# New SSD for Macbook !!



## beanstalk_230 (Nov 17, 2014)

Hello everyone

I'm planning for a 120 GB SSD ~ 5 k.

Now some reading led to a few doubts which I would like to share:

1. Some users have added the SSD's as the 2nd HDD by using it in the DVD Drive bay which is definitely an interesting idea. Is it advisable or better to switch the HDD ?

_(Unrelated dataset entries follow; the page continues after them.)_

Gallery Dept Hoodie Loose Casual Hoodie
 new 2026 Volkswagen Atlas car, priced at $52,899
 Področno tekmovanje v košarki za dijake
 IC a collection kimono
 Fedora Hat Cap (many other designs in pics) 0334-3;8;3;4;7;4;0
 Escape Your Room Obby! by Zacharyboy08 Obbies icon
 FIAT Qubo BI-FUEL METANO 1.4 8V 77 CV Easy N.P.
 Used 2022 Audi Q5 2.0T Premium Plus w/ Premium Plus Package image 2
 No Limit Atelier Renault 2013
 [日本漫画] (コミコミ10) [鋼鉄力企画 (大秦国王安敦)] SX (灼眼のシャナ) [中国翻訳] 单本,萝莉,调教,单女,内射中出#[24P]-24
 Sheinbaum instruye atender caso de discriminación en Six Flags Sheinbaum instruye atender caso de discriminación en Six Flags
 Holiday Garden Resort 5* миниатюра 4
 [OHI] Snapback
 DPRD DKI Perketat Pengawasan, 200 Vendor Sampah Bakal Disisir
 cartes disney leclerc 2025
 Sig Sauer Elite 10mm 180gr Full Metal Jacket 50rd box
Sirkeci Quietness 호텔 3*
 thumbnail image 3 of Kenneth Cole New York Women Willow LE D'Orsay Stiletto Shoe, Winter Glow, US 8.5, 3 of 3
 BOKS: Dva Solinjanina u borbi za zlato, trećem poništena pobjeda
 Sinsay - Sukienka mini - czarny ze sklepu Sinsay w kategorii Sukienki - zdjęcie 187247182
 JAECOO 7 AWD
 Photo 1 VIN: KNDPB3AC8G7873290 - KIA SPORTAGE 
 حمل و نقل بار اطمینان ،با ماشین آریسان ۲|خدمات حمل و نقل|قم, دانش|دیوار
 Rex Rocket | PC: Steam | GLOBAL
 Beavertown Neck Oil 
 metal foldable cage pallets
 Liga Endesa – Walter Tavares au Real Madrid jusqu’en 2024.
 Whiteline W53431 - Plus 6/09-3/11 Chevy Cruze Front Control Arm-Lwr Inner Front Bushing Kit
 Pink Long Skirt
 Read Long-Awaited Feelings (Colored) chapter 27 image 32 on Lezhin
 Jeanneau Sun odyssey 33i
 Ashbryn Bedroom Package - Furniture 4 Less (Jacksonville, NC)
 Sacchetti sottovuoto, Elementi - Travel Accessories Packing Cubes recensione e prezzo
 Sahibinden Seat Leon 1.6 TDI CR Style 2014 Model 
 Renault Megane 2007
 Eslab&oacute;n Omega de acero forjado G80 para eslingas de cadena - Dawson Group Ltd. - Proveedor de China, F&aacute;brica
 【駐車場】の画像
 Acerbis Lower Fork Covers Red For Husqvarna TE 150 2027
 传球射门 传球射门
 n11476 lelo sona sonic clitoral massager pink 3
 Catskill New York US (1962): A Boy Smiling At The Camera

2. OS X Yosemite has introduced a new security feature disabling TRIM : Yosemite upgrade stops Macs with aftermarket SSDs from booting | Apple | Geek.com

Lastly which is the most VFM & reliable SSD 120GB available these days ?? Samsung Evo 120gb ~ 4.6k (3 Year Warr) & Intel 520 120gb ~ 5k (5yr Warr) ? 

Thanks


----------



## topgear (Nov 18, 2014)

Personally I believe that combo of HDD + SSD is the best. Keep OS, frquently used app or game on SSD and everything else HDD. Bwtween two get the Intel SSD.


----------



## beanstalk_230 (Nov 19, 2014)

After looking at the no. Of problems people are facing with Intel Ssd + Macbook i decided to go with Samsung Evo 840 120gb. I hope the decision works out okay even though i had to let go of 2yrs extra warranty provided by Intel.


----------



## Gollum (Nov 19, 2014)

beanstalk_230 said:


> After looking at the no. Of problems people are facing with Intel Ssd + Macbook i decided to go with Samsung Evo 840 120gb. I hope the decision works out okay even though i had to let go of 2yrs extra warranty provided by Intel.



You will be surprised when you learn how many ppl have issues with the evo 840


----------



## $hadow (Nov 19, 2014)

For this minute difference I would suggest Intel ssd.


----------



## beanstalk_230 (Nov 19, 2014)

Actually Intel 520 had some MB recognition issues with my laptop board & therefore I ordered samsung after cancelling the Intel order. Ordered through Amazon.in. Hopefully they have a replacement / return policy if it does not work. Will have to wait & watch.


----------